Parmi les mensonges répandus par les communistes, il faut relever l’affirmation prétendant que l’Eglise excite les peuples à la guerre :
Il est également évident que sont dans l’erreur ceux qui lancent insidieusement contre le Siège apostolique et l’Eglise catholique l’accusation de vouloir un nouveau conflit. Certes, dans les époques anciennes ou récentes, il y a toujours eu des gens qui ont tenté de soumettre les peuples par les armes. Mais, Nous, Nous n’avons jamais cessé de prêcher une paix véritable ; l’Eglise désire conquérir les peuples non point par les armes, mais par la vérité et les former à la vertu et au service de Dieu et des hommes. Car « les armes de notre combat ne sont pas charnelles, mais puissantes pour la cause de Dieu [5].
Quand les peuples seront imprégnés des vrais principes – qu’il faut enseigner – alors seulement on pourra espérer édifier la paix :
Tout cela, vous devrez l’enseigner avec franchise, car c’est seulement quand les principes chrétiens seront respectés et régiront la vie publique et privée, qu’on pourra espérer que les conflits s’apaiseront et que les diverses classes de la société, les peuples et les nations s’uniront dans une fraternelle concorde.
Pie XII souhaite que – grâce à ces prières et à ces actions des chrétiens – la paix soit enfin accordée au monde :
Puissent les prières qui monteront de partout obtenir de Dieu la réalisation de nos vœux ardents, c’est-à-dire qu’avec l’aide de la grâce divine, les mœurs soient rénovées chez tous par la vertu chrétienne, et que les rapports entre les peuples soient bientôt réglés de telle sorte que l’ambition injuste de dominer les autres disparaisse et que toutes les nations jouissent de la liberté qui leur est due ; qu’enfin les Etats accordent cette même liberté à la sainte religion et à leurs citoyens conformément aux exigences des droits divin et humain.
C’est dans cet espoir qu’à vous tous et à chacun, Vénérables Frères, ainsi qu’à votre clergé et à vos fidèles, et en particulier à ceux qui obéiront docilement à Notre présente exhortation, Nous accordons bien volontiers dans le Seigneur la Bénédiction apostolique, gage des grâces célestes et témoignage de Notre bienveillance.
Source : Documents Pontificaux de S. S. Pie XII, Edition Labergerie – D’après le texte latin des A. A. S., XXXXII, 1950, p. 515, traduction française dans La Documentation Catholique, t.
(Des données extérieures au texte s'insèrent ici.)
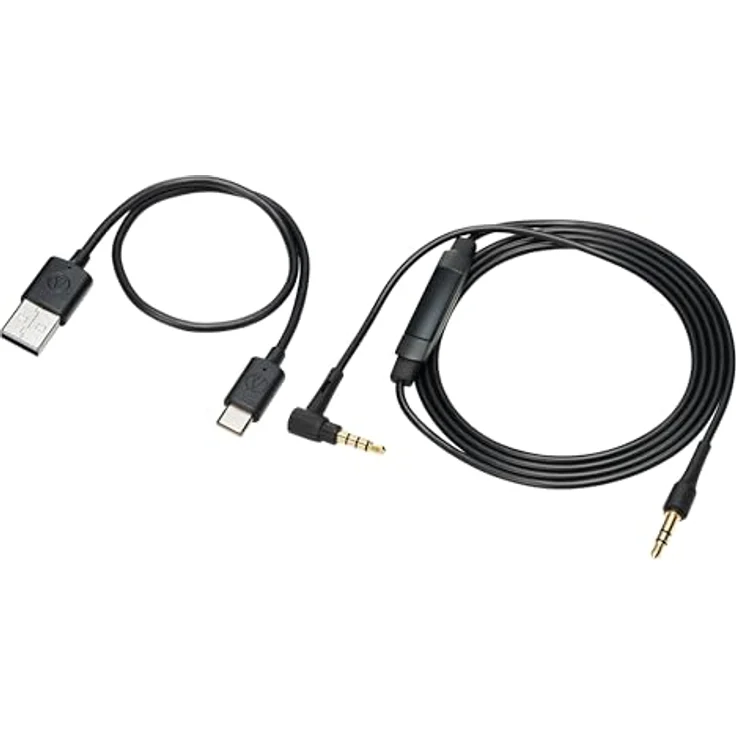 Audio-Technica ATH-S300BTBK Kabelloser Kopfhörer mit Geräuschunterdrückung Schwarz, 90 Stunden Akkulaufzeit, Hybrid-Noise-Cancelling – Bild 5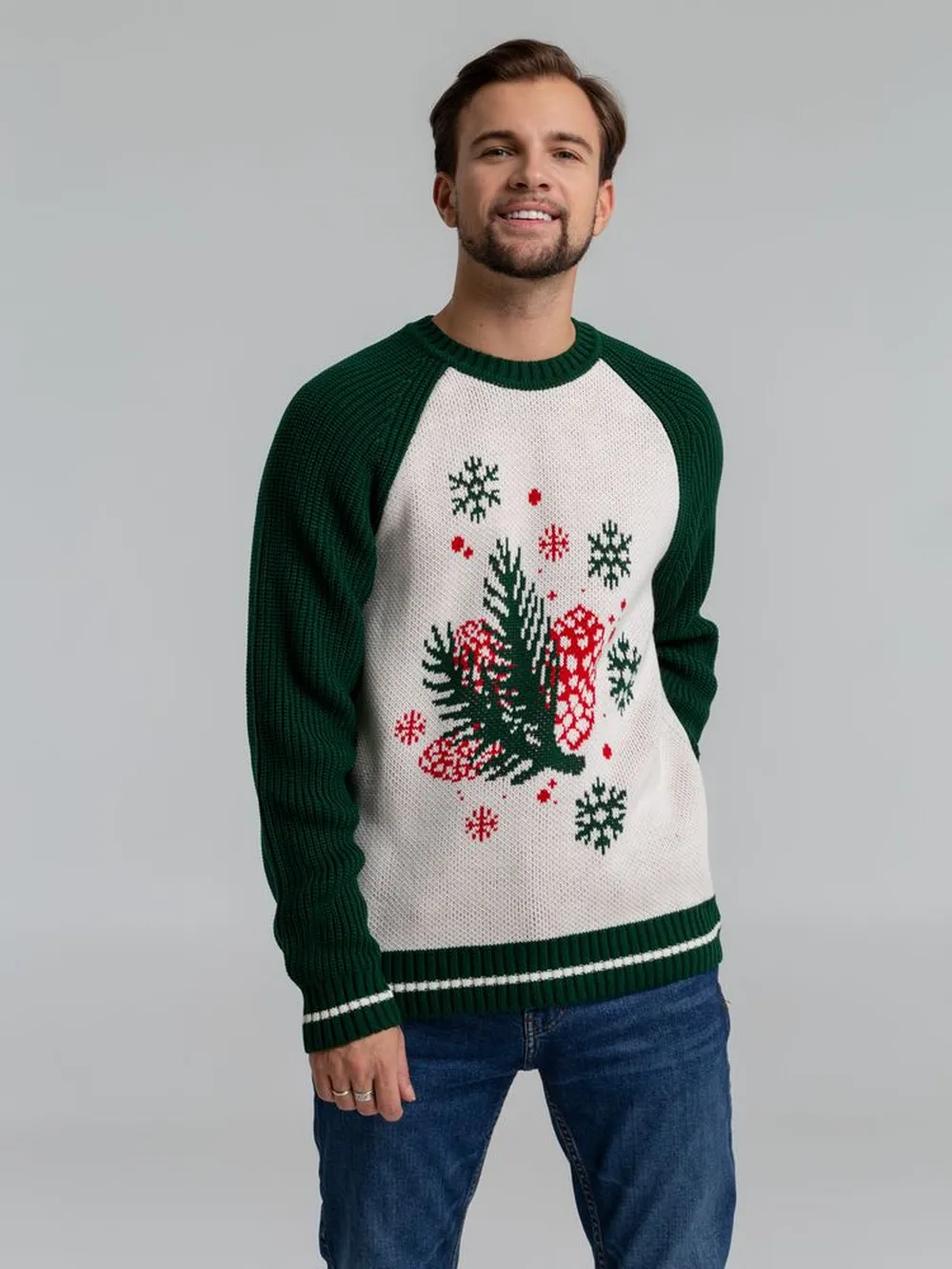 Джемпер Sosnovka заказать онлайн с вашим дизайном на заказ в Москве и области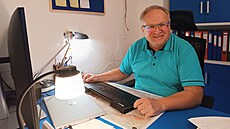 Pedsedou Sdruení místních samospráv R se stal starosta Kamýku Petr Halada....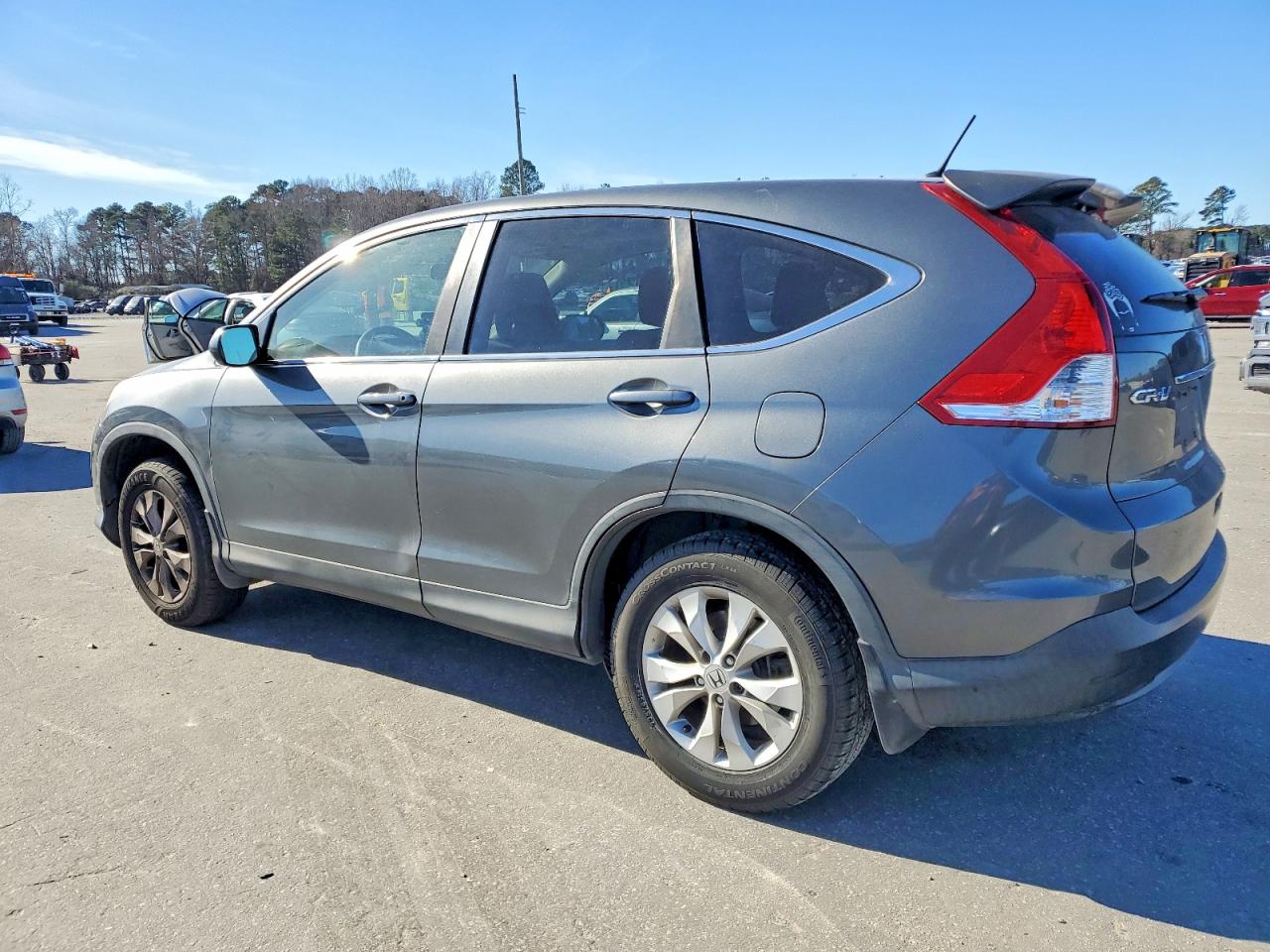 2014 HONDA CR-V EX photo 2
XLVII, c. 1025.
- Durant les sept premiers mois de l’Année Sainte, près de 2 millions de pèlerins étaient venus à Rome.[↩]
- Au cours de la première moitié de l’année 1950, furent canonisés : le 23 avril 1950, sainte Emilie de Rodat ; le 7 mai, saint Antoine-Marie Claret ; le 18 mai, sainte Bartholomée Capitano, sainte Vincenza Gerosa ; le 28 mai, sainte Jeanne de France ; le 11 juin, saint Vincent Strambi ; le 24 juin, sainte Maria Goretti ; le 9 juillet, sainte Marie-Anne de Jésus de Paredes.[↩]
- Jac., I, 17.[↩]
- La persécution continue à sévir dans tous les pays soumis au régime communiste : U. R. S. S., Yougoslavie, Hongrie, Tchécoslovaquie, Roumanie, Albanie, Chine, Corée. Des entraves sont apportées à la vie de l’Eglise en Pologne et en Allemagne orientale. Des propagandes corruptrices sont entretenues par les organisations communistes des pays d’Europe occidentale et notamment en Italie (cf. Avertissement du Saint-Office, 23 juillet 1950, p. 269).[↩]
- II. Cor., X, 4.[↩]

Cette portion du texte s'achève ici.